▶ **EXERCISE DETAILS**
Exact copy, no pictures: return all the data below as written.

▶ **DATA SECTION**
-*-*-

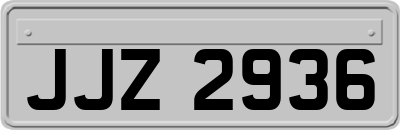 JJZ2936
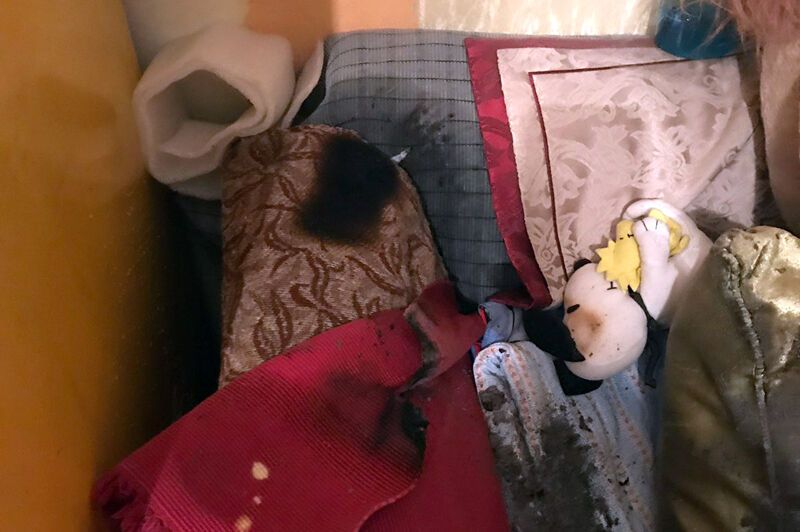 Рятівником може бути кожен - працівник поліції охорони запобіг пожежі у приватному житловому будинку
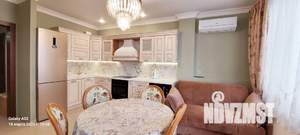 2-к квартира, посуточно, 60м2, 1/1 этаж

-*-*-

▶ **RESPONSE**
 JJZ2936
 Рятівником може бути кожен - працівник поліції охорони запобіг пожежі у приватному житловому будинку
 2-к квартира, посуточно, 60м2, 1/1 этаж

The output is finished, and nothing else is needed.